**PROBLEM DETAILS**:
Using the records below, locate all lines containing "government" and return them.

────────────────────────────────────────

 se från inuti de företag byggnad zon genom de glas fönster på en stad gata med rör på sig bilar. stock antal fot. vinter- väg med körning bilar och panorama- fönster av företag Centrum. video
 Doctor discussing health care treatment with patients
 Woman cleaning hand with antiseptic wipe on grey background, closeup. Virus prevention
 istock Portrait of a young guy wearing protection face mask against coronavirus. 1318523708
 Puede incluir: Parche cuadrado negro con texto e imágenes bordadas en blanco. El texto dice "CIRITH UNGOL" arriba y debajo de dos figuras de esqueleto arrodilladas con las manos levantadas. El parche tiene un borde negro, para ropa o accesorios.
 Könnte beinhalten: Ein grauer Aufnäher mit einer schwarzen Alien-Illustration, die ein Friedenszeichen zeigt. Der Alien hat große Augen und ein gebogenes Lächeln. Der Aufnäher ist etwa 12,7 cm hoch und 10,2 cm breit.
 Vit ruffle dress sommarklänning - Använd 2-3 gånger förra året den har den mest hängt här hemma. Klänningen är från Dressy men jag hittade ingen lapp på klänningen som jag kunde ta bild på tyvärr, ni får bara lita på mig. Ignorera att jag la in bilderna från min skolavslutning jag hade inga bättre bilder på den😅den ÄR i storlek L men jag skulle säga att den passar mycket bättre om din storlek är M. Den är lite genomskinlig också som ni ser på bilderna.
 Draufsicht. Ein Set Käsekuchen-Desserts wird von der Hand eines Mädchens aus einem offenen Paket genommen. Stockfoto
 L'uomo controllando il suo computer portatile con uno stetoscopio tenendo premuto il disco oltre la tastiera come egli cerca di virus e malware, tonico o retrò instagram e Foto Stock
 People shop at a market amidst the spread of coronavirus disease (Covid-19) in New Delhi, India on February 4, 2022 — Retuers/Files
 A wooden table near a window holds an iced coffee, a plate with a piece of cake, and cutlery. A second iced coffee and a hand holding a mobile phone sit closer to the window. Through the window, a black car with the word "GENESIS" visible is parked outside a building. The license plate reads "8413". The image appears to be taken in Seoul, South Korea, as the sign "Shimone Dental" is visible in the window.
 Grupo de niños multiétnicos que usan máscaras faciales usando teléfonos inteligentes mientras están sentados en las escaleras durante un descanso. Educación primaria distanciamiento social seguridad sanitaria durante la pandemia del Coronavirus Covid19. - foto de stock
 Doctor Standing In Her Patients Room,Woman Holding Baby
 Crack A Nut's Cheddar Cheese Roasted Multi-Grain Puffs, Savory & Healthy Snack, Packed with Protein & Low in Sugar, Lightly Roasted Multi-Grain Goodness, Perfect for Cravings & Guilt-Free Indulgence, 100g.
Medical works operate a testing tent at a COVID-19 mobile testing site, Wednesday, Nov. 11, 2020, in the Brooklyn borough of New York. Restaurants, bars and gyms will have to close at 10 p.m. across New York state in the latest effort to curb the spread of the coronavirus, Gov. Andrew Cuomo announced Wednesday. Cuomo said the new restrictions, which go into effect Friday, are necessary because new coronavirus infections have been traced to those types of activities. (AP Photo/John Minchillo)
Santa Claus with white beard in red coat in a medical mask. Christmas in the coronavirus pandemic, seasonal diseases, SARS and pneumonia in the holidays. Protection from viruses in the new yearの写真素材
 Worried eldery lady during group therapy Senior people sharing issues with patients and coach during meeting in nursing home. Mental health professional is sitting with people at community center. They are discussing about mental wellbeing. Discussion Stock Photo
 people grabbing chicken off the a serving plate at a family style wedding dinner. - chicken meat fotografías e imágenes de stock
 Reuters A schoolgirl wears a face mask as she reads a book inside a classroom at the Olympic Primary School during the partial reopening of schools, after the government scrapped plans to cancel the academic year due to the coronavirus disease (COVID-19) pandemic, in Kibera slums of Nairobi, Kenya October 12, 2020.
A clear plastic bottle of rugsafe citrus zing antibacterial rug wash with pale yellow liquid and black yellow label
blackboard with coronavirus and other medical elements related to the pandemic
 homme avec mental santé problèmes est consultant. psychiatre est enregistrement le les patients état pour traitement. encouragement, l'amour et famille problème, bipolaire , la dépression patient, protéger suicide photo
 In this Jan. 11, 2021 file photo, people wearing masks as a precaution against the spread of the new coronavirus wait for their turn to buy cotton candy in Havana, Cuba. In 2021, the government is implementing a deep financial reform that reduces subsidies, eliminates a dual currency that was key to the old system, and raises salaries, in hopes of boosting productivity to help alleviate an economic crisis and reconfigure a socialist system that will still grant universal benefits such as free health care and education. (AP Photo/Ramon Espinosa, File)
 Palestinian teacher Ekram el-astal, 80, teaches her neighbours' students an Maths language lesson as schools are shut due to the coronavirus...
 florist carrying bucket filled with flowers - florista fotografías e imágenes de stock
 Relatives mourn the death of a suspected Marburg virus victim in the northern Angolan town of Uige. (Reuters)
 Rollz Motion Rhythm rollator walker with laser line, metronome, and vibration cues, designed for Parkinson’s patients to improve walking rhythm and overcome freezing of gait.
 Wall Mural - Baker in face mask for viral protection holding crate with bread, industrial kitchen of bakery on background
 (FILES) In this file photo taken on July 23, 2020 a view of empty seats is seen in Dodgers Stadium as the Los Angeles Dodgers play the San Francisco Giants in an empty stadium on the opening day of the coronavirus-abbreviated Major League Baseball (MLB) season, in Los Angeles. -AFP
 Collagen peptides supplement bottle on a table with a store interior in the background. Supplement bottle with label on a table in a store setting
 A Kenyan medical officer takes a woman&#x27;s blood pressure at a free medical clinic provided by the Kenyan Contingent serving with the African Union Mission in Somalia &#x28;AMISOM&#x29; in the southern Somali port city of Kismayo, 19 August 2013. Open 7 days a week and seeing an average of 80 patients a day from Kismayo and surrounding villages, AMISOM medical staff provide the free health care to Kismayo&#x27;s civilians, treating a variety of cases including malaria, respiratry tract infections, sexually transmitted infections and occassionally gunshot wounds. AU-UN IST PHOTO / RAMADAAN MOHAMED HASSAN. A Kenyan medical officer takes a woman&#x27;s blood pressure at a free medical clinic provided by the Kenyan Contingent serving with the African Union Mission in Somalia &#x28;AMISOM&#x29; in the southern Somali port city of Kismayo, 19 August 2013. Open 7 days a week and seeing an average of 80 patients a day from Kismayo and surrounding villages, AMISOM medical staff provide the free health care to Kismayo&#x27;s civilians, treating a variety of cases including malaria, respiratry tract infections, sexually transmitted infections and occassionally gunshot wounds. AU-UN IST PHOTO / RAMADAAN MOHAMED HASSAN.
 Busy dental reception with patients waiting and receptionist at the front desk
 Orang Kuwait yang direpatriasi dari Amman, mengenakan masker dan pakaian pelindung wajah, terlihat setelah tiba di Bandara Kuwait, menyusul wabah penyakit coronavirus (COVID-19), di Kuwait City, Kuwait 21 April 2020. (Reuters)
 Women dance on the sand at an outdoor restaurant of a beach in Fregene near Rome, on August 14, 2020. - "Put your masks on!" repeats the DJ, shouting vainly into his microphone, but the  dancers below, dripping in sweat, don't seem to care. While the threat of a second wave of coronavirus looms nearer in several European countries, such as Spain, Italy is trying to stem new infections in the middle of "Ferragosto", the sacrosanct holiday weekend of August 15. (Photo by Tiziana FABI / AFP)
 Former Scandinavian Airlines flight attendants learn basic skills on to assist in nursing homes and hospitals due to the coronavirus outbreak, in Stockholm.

────────────────────────────────────────

**SOLUTION**:
 Reuters A schoolgirl wears a face mask as she reads a book inside a classroom at the Olympic Primary School during the partial reopening of schools, after the government scrapped plans to cancel the academic year due to the coronavirus disease (COVID-19) pandemic, in Kibera slums of Nairobi, Kenya October 12, 2020.
 In this Jan. 11, 2021 file photo, people wearing masks as a precaution against the spread of the new coronavirus wait for their turn to buy cotton candy in Havana, Cuba. In 2021, the government is implementing a deep financial reform that reduces subsidies, eliminates a dual currency that was key to the old system, and raises salaries, in hopes of boosting productivity to help alleviate an economic crisis and reconfigure a socialist system that will still grant universal benefits such as free health care and education. (AP Photo/Ramon Espinosa, File)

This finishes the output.